- Data extract
________________________

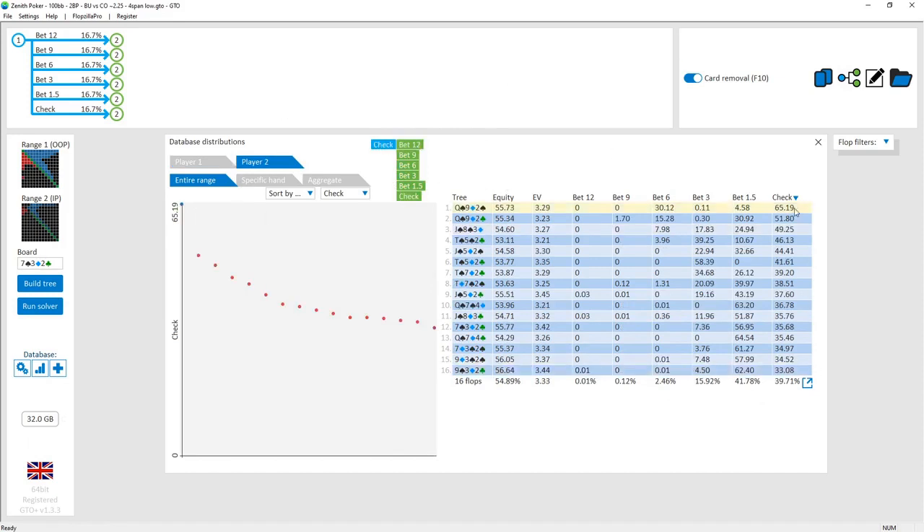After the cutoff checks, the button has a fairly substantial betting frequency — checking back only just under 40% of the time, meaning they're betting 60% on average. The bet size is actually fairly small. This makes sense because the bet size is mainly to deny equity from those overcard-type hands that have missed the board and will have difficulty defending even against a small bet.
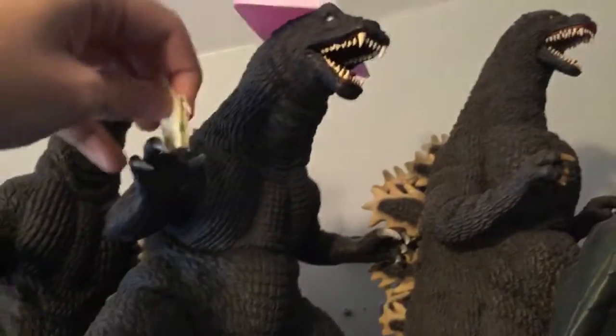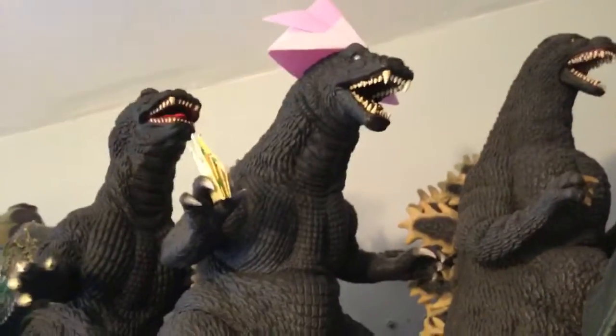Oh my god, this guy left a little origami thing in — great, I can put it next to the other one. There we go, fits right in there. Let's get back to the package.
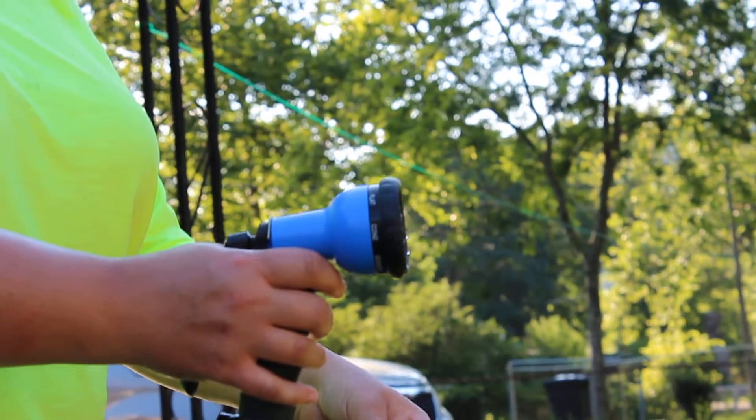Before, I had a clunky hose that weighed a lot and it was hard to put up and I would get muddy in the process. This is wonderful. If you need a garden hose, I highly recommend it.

________________________

- Problem details
Please print the span that begins at the line holding "Oh my god, this" and ends at the last line of the data, both ends included, with no pictures.

- Result below
Oh my god, this guy left a little origami thing in — great, I can put it next to the other one. There we go, fits right in there. Let's get back to the package.
Before, I had a clunky hose that weighed a lot and it was hard to put up and I would get muddy in the process. This is wonderful. If you need a garden hose, I highly recommend it.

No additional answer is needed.